I wanted to read this book even though I knew it would give me a headache. How can you not get a bit upset when excellent writers like Kurt Vonnegut, Harlan Ellison, Ray Bradbury and Phillip K. Dick intend to make you think really hard about how bad the world can get with just a few tweaks and wobbles? Bad new worlds, it should be, though the title is apt, and the term “dystopia” suits all too well. Some people would argue
that we’re already living on a dystopian planet, in a dystopian country with a dystopian culture. There’s global warming (referenced in
"Auspicious Eggs," James Morrow’s tale of unloving sex partners and unwanted children fleeing "Boston Isle" after the melt) and creeping premature senility (described at its extreme in Orson Scott card’s eerie
"Geriatric Ward," in which the good news is there’s no disease to mar your perfect life, and the bad news is, you won’t live past thirty). There’s a nagging fear of too much government control (read
"Is This Your Day to Join the Revolution?" by Genevieve Valentine, a sad little tale of the dangers of asking too many questions and the folly of trying to take a stand).

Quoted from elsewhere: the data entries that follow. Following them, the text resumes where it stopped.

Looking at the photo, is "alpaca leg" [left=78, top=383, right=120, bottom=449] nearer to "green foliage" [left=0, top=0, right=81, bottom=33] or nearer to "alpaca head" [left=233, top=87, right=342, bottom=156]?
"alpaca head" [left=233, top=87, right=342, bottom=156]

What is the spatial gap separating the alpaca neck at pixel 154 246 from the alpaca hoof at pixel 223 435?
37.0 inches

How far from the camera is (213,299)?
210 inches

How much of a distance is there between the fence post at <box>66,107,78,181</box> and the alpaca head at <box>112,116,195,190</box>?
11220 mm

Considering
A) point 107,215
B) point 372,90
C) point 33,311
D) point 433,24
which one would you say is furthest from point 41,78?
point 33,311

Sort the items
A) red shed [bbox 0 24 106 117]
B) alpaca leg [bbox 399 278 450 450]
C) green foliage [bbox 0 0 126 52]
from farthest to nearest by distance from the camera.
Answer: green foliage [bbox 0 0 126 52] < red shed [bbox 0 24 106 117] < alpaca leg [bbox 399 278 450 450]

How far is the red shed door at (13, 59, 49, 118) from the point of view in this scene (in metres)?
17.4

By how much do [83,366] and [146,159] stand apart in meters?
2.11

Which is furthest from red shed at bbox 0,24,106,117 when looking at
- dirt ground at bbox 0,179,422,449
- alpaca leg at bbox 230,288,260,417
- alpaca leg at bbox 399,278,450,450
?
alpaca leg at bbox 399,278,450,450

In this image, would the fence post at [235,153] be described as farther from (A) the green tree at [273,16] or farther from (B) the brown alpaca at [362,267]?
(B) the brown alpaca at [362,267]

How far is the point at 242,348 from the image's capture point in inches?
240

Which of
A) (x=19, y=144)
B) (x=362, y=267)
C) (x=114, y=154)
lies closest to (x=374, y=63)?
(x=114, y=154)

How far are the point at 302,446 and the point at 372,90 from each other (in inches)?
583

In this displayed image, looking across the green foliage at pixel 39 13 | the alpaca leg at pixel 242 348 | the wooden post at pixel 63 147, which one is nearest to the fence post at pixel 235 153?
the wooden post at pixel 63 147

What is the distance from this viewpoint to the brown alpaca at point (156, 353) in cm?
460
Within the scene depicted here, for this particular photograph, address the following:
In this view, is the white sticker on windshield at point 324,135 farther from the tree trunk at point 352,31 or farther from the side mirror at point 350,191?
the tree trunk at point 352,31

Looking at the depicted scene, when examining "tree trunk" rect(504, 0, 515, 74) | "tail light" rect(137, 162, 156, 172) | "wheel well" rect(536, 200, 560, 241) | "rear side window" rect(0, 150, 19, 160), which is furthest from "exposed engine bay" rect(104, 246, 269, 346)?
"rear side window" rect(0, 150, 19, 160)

The book begins appropriately with that classic chiller by Shirley Jackson,
"The Lottery," setting out with growing suspense and then eye-popping clarity one way that societies can purge excess population and achieve a tidy sense of corporate catharsis on an annual basis.
Anthology editor John Joseph Adams (Wastelands, The Living Dead, etc.) states that “in a dystopian story, society itself is typically the antagonist; it is society that is actively working against the protagonist’s aims and desires" and "…you could be living in a dystopia and not even know it.” With society or government or even the planet itself as the bad guy, the question in dystopic stories is, will the hero beat ‘em or join ‘em? That’s where the enjoyment factor kicks in. You read not because the posited evil world is thoroughly depressing or at least annoying, but because there’s hope of rebellion.

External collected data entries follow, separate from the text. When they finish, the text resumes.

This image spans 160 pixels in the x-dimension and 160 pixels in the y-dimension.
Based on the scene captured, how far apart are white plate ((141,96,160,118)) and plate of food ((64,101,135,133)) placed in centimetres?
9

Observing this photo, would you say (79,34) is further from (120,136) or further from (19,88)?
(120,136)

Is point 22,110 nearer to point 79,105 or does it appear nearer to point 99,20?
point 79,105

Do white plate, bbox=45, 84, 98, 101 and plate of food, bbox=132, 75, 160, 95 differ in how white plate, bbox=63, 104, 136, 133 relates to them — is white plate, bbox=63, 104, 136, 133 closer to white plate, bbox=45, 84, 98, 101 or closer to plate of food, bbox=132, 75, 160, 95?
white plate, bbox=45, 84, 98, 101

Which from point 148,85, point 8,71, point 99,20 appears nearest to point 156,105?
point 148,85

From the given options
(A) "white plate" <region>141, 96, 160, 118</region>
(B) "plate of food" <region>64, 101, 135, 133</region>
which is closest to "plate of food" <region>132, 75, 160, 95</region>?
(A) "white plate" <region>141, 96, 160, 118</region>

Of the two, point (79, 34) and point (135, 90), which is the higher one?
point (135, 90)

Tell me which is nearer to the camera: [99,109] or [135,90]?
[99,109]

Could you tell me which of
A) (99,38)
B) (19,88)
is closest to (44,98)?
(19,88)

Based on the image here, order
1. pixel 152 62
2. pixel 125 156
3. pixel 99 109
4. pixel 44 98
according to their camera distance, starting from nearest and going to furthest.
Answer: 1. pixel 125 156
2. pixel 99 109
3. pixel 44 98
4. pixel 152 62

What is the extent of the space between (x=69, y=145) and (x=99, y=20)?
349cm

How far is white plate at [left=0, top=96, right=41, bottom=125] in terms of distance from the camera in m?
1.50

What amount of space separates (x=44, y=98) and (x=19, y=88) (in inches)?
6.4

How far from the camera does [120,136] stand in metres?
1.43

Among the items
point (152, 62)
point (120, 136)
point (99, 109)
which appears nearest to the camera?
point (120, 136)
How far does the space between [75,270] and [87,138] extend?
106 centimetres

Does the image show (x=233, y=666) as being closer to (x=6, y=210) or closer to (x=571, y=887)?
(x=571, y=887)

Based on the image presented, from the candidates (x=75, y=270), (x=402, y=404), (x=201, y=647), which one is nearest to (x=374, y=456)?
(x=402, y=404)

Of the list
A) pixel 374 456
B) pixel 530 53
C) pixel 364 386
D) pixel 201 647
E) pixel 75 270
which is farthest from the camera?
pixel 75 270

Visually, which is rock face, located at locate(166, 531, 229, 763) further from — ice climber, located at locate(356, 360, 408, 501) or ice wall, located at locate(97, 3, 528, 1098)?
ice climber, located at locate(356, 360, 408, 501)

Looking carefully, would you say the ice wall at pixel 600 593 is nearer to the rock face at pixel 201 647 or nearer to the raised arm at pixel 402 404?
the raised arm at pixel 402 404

But it’s about fifty-fifty – many authors prefer the ending in which the hero finally just melts into the dystopian landscape. (Reference Orwell’s stunning, “He loved Big Brother.”) In Brave New Worlds, the tale of "Resistance" by Tobias S. Buckell leads the reader from hope to the defeating conclusion: “The darkness marched its glorious way through the cavernous gardens toward Stanuel, who folded up in the air by a tree while he waited for the dark to take him in its freeing embrace.” Dystopia has won again.

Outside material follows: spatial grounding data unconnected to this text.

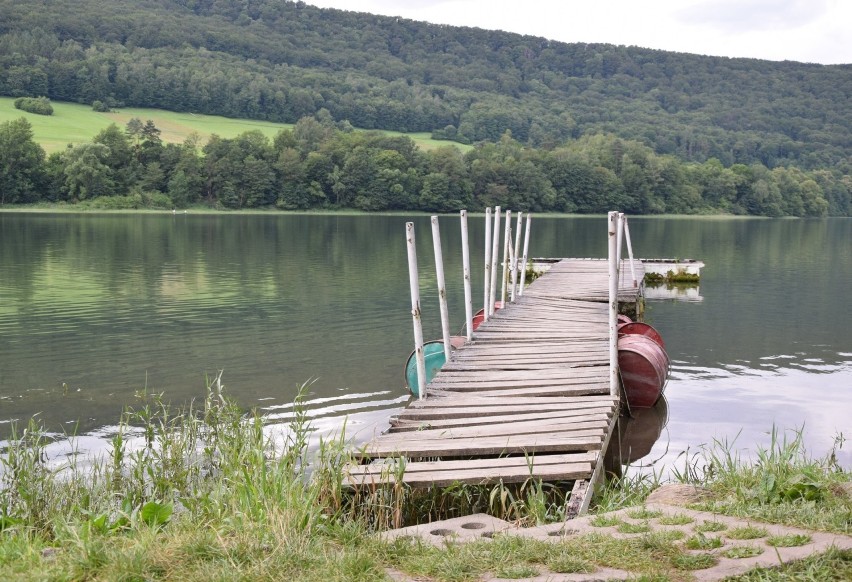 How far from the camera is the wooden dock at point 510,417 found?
25.5 feet

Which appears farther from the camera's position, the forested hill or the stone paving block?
the forested hill

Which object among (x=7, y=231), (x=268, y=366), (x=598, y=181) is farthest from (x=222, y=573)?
(x=598, y=181)

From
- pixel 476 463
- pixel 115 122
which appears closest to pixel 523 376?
pixel 476 463

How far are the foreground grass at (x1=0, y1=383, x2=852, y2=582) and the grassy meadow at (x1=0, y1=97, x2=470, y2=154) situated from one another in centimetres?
10830

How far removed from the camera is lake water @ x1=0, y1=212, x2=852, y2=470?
46.1ft

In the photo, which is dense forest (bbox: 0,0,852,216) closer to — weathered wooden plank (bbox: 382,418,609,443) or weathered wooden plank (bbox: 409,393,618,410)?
weathered wooden plank (bbox: 409,393,618,410)

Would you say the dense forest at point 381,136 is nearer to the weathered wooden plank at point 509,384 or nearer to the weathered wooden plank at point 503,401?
the weathered wooden plank at point 509,384

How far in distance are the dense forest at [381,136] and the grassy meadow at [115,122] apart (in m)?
3.83

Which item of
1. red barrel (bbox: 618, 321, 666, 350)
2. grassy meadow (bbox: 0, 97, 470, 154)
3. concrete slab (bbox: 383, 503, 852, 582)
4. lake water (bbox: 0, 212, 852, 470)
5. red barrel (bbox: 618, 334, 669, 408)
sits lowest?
lake water (bbox: 0, 212, 852, 470)

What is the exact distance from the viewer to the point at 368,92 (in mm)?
171250

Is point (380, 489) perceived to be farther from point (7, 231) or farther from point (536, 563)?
point (7, 231)

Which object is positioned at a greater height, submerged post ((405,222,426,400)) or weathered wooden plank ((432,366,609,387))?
submerged post ((405,222,426,400))

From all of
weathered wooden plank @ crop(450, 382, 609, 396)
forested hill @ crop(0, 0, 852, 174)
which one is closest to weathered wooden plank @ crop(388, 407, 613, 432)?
weathered wooden plank @ crop(450, 382, 609, 396)

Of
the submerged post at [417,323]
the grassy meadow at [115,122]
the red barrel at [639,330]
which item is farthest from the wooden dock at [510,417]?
the grassy meadow at [115,122] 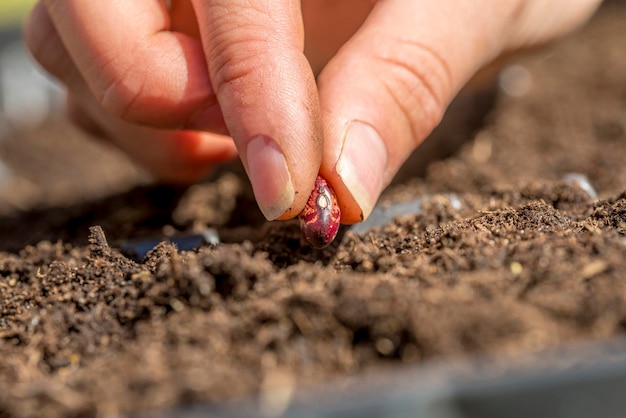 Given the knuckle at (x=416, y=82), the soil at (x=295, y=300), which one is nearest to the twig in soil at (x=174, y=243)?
the soil at (x=295, y=300)

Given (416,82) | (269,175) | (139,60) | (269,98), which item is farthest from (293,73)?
(139,60)

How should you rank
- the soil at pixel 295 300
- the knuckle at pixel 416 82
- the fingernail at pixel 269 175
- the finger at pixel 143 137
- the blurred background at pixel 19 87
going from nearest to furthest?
the soil at pixel 295 300, the fingernail at pixel 269 175, the knuckle at pixel 416 82, the finger at pixel 143 137, the blurred background at pixel 19 87

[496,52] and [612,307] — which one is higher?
[612,307]

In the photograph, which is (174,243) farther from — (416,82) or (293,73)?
(416,82)

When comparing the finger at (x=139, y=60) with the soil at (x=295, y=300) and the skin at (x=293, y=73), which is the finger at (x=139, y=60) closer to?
the skin at (x=293, y=73)

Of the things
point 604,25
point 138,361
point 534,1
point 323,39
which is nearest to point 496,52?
point 534,1

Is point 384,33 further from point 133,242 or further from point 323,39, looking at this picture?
point 133,242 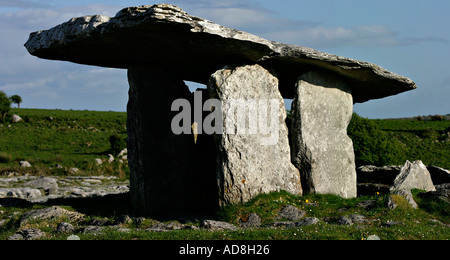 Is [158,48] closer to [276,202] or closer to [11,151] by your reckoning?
[276,202]

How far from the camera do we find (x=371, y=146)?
21.3 m

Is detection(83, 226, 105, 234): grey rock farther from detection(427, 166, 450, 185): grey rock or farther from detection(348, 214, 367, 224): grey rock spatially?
detection(427, 166, 450, 185): grey rock

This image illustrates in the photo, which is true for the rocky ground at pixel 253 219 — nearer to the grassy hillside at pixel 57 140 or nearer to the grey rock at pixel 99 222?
the grey rock at pixel 99 222

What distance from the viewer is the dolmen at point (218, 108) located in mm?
13719

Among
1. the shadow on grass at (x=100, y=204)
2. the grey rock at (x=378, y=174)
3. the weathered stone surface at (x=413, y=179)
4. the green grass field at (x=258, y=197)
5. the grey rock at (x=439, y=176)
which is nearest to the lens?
the green grass field at (x=258, y=197)

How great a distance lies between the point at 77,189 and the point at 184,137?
26.0 ft

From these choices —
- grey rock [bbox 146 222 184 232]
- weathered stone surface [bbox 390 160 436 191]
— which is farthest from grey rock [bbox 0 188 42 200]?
weathered stone surface [bbox 390 160 436 191]

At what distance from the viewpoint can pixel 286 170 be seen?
14.8m

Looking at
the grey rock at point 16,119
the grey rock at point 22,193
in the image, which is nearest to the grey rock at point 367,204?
the grey rock at point 22,193

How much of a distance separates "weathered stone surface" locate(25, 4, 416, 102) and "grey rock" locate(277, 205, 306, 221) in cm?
407

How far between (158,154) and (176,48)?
318cm

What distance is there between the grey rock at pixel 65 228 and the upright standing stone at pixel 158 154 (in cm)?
282

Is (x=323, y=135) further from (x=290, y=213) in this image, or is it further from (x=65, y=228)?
(x=65, y=228)

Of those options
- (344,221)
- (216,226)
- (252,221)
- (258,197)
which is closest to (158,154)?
(258,197) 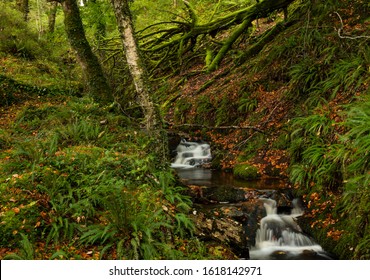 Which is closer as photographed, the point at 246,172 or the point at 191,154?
the point at 246,172

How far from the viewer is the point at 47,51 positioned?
40.7 ft

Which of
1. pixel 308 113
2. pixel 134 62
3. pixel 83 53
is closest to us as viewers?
pixel 134 62

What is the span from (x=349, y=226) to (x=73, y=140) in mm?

"Civilization" by Vylar Haftan is not a story but an analysis in which he outlines how societies are born, flourish, deteriorate, fail, and are reborn. His deft satirical view demonstrates that there is little real difference between one man’s dystopia and another’s utopia. In a utopia, no one is homeless and all issues are decided by fair courts; whereas in a dystopia, “All issues are decided by fair courts. Mistakes, of course, are never made. How could they be?” and “No one is homeless. People without homes live in institutions, where they are subjected to conditioning and experiments.”
With thirty-plus fantasies to choose from, Brave New Worlds would be a great collection to give to both cynical and hopeful friends. It’s also a good trip read, and a book that more than one member of the family can enjoy. Should make good fodder for arguments between the generations, with the vision of the young and the exhaustion of the old clashing when it comes to deciding what constitutes a true dystopia.